▶ **What is needed**: Starting with the line that has "Used 2014 Lincoln" in the records below and ending with the line that has "Petite boîte à", output those lines exactly and nothing more; omit the pictures.

▶ **Dataset entries**:

--------------------------------

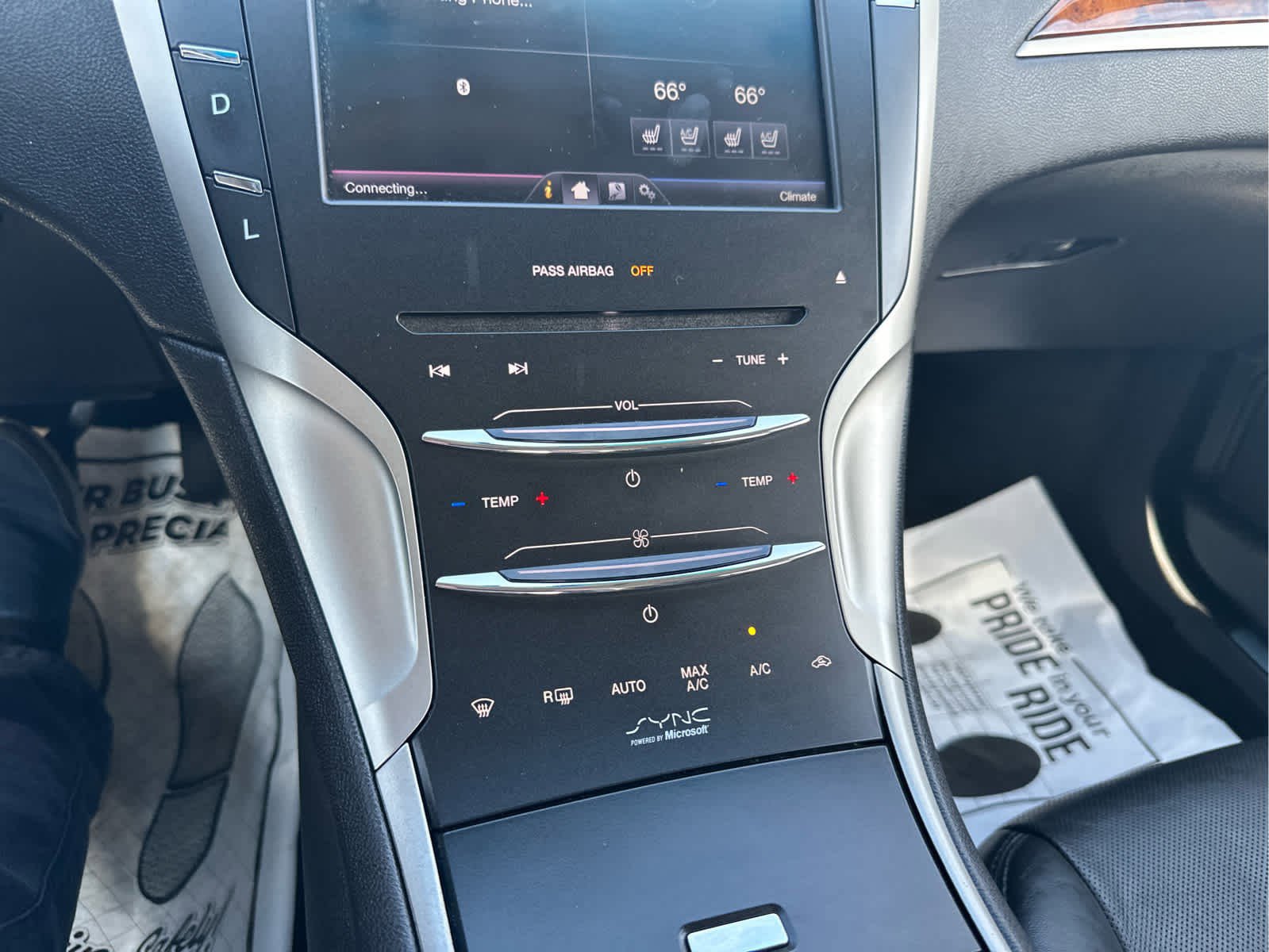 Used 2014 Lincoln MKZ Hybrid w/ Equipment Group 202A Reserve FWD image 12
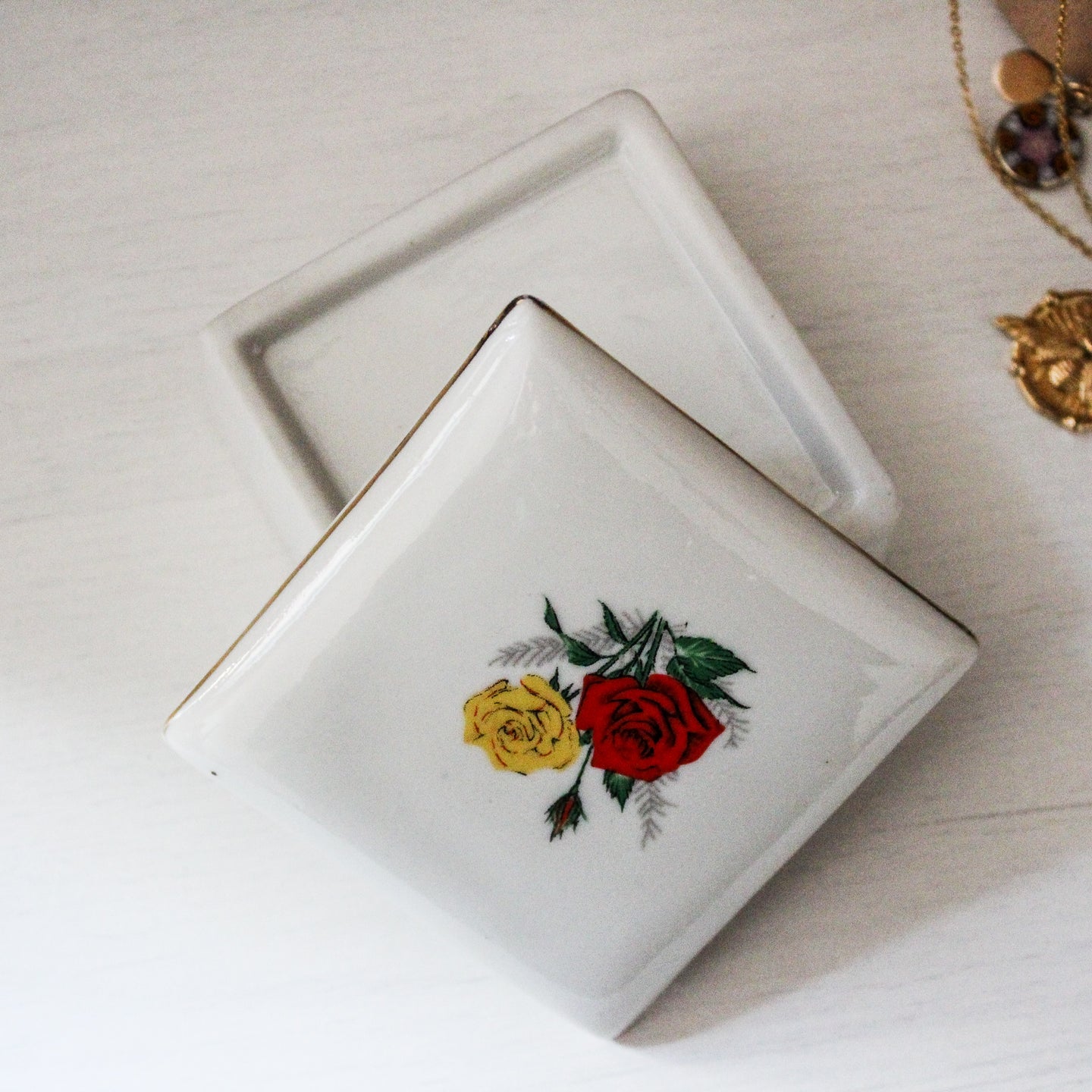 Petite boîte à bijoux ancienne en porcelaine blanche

--------------------------------

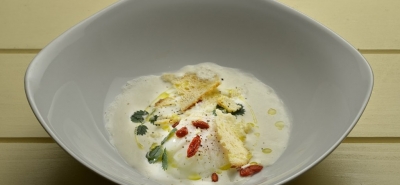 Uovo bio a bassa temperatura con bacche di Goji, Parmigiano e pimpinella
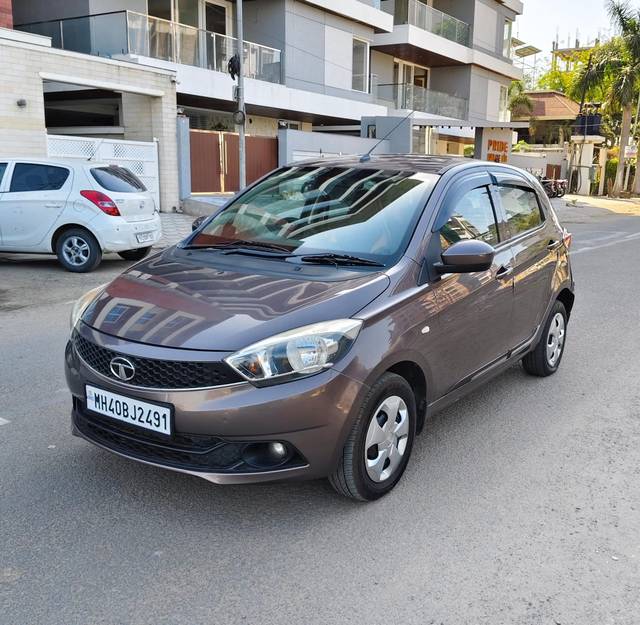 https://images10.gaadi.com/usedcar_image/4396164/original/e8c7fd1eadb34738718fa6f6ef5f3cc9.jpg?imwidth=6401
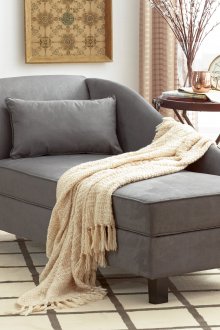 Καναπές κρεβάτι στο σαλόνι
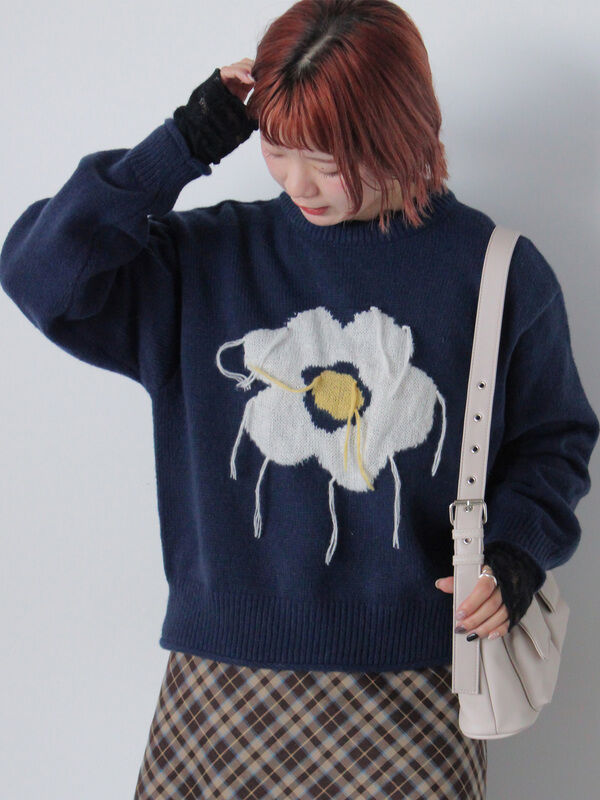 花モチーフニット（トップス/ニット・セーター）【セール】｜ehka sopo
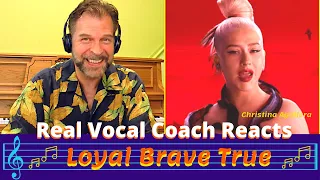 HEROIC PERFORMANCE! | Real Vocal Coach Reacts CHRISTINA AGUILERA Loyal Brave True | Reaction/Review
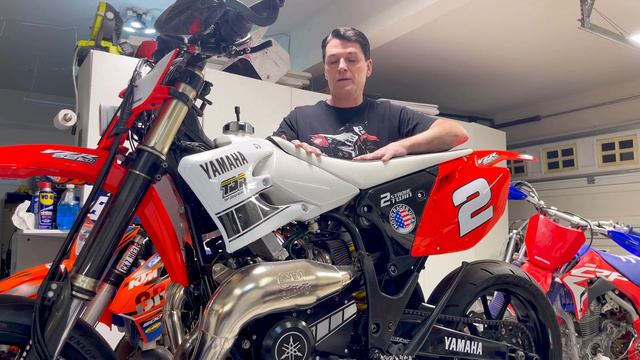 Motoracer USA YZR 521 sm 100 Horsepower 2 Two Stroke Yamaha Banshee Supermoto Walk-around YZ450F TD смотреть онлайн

--------------------------------

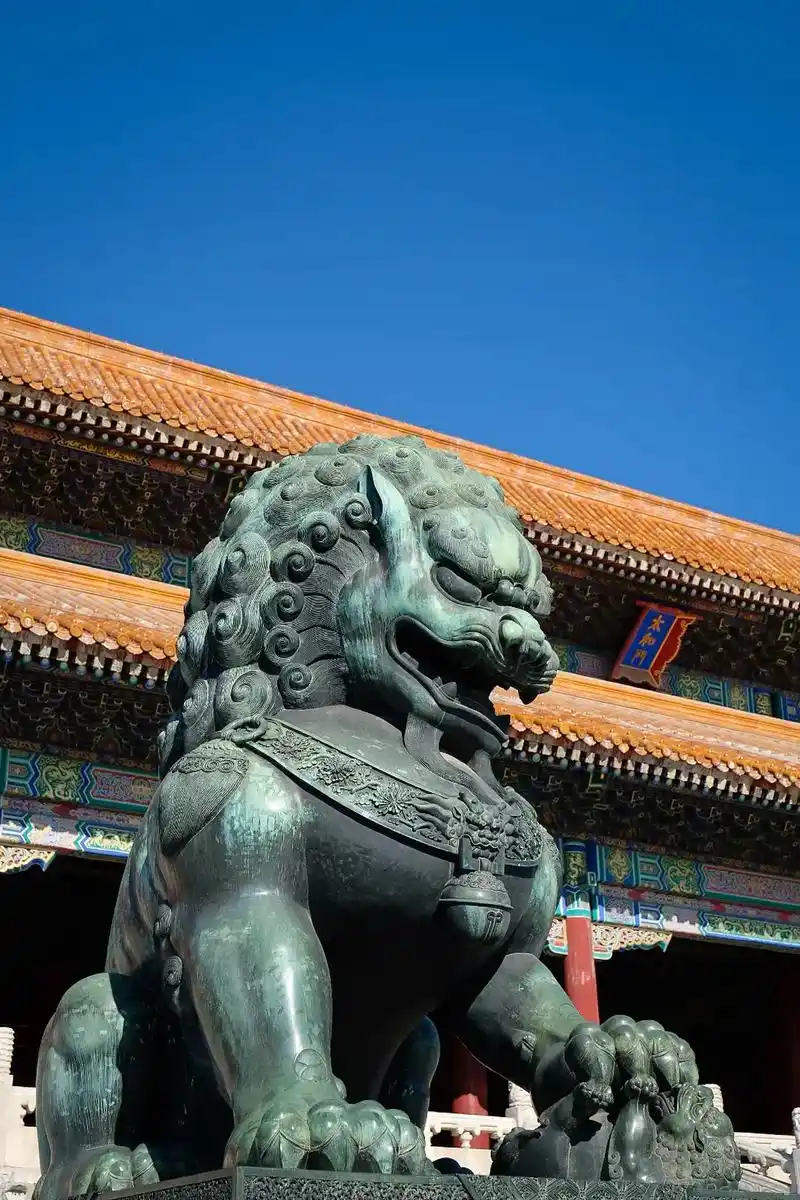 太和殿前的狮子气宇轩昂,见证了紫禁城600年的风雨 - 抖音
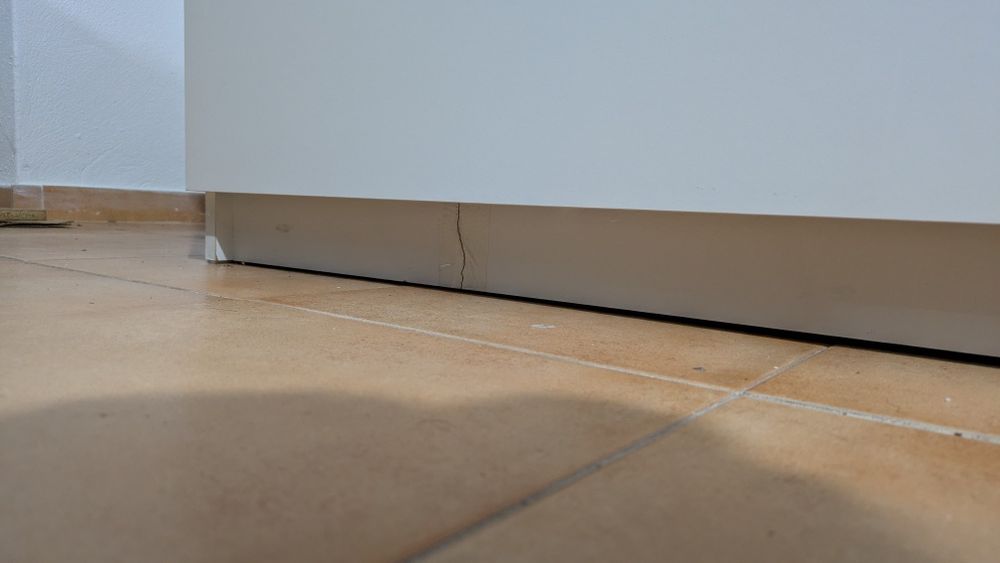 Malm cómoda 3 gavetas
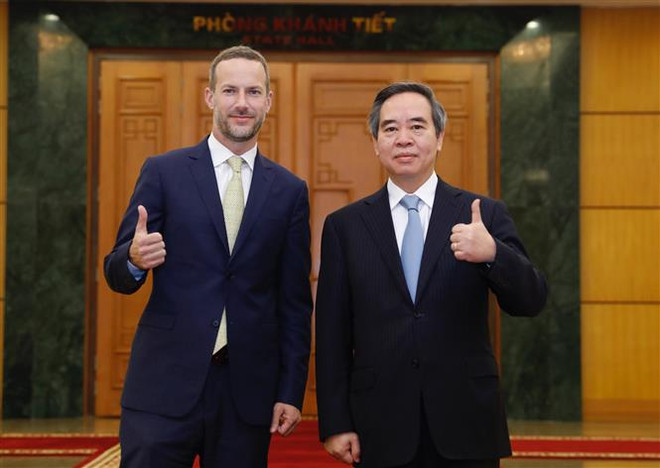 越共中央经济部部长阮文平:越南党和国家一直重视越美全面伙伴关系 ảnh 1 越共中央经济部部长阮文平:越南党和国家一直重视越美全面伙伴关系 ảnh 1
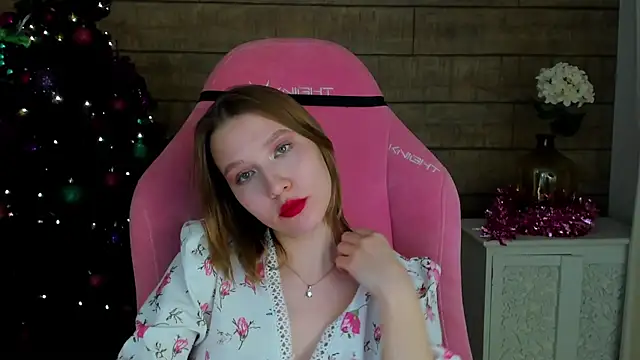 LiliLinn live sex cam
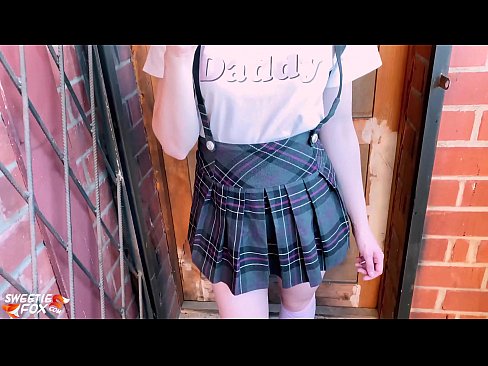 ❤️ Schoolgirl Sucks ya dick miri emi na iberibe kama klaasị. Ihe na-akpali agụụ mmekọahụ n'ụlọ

--------------------------------

▶ **Output of the task**:
 Used 2014 Lincoln MKZ Hybrid w/ Equipment Group 202A Reserve FWD image 12
 Petite boîte à bijoux ancienne en porcelaine blanche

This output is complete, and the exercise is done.